Task description
The entries below contain a line with "2 BHK Flat In" and a line with "roberto_cavalli_fw14_3". Quote exactly those two lines and all lines between them.

Exercise inputs
************

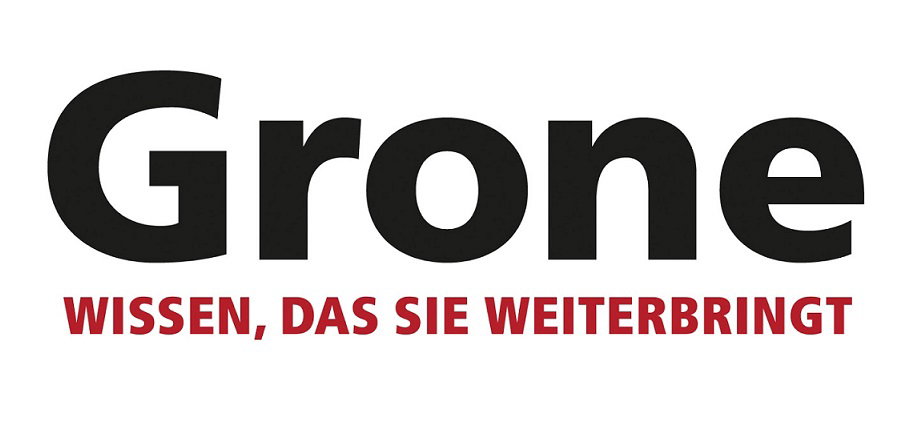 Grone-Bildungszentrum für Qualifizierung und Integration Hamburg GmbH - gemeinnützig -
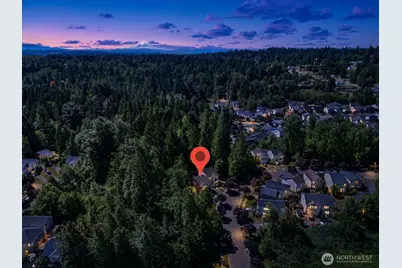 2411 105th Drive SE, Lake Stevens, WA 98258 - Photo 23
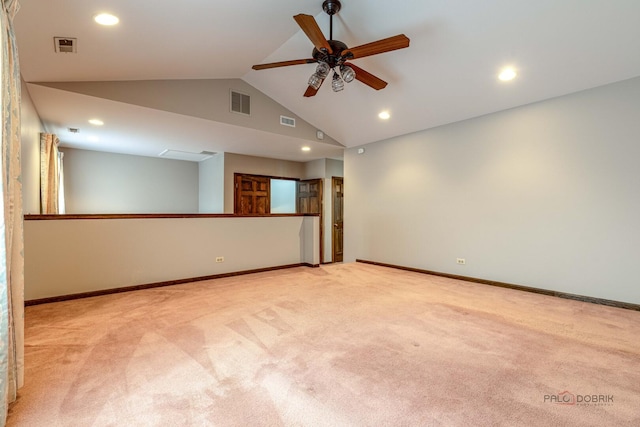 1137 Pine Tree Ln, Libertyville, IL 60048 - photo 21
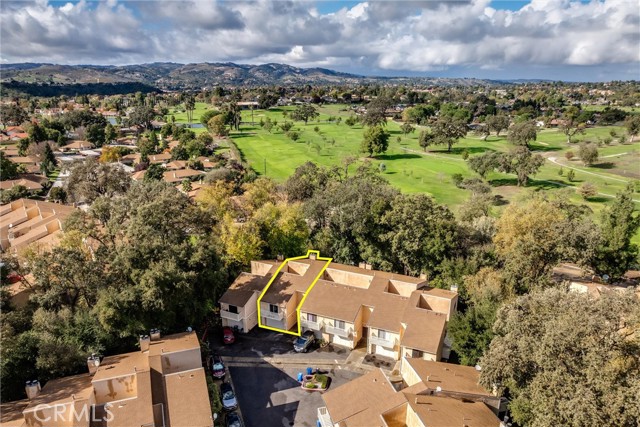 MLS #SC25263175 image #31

************

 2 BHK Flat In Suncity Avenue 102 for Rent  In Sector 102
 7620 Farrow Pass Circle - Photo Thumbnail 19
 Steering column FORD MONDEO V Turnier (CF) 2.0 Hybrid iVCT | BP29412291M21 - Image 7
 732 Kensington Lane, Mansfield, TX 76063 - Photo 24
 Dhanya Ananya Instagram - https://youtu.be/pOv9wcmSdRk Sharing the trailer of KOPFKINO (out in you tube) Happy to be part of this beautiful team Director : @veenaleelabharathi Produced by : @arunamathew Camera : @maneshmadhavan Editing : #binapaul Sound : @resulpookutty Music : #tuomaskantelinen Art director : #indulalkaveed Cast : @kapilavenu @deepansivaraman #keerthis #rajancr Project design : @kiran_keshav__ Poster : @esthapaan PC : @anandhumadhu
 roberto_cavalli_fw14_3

************

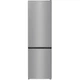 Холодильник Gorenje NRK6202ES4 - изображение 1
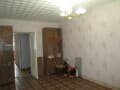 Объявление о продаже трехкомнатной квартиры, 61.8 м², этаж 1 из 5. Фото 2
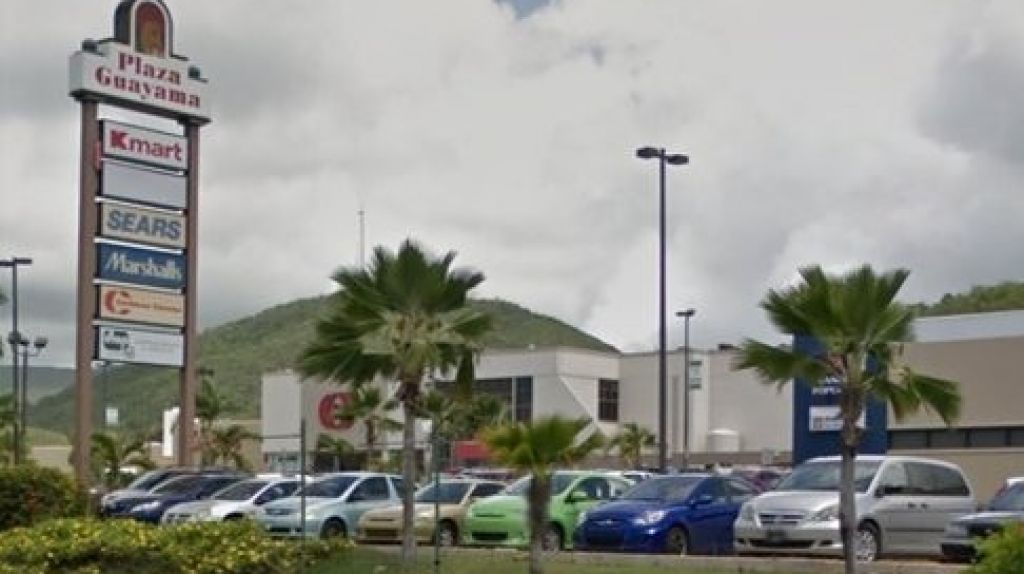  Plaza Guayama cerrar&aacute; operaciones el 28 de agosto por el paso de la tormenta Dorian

************

Solution
 2 BHK Flat In Suncity Avenue 102 for Rent  In Sector 102
 7620 Farrow Pass Circle - Photo Thumbnail 19
 Steering column FORD MONDEO V Turnier (CF) 2.0 Hybrid iVCT | BP29412291M21 - Image 7
 732 Kensington Lane, Mansfield, TX 76063 - Photo 24
 Dhanya Ananya Instagram - https://youtu.be/pOv9wcmSdRk Sharing the trailer of KOPFKINO (out in you tube) Happy to be part of this beautiful team Director : @veenaleelabharathi Produced by : @arunamathew Camera : @maneshmadhavan Editing : #binapaul Sound : @resulpookutty Music : #tuomaskantelinen Art director : #indulalkaveed Cast : @kapilavenu @deepansivaraman #keerthis #rajancr Project design : @kiran_keshav__ Poster : @esthapaan PC : @anandhumadhu
 roberto_cavalli_fw14_3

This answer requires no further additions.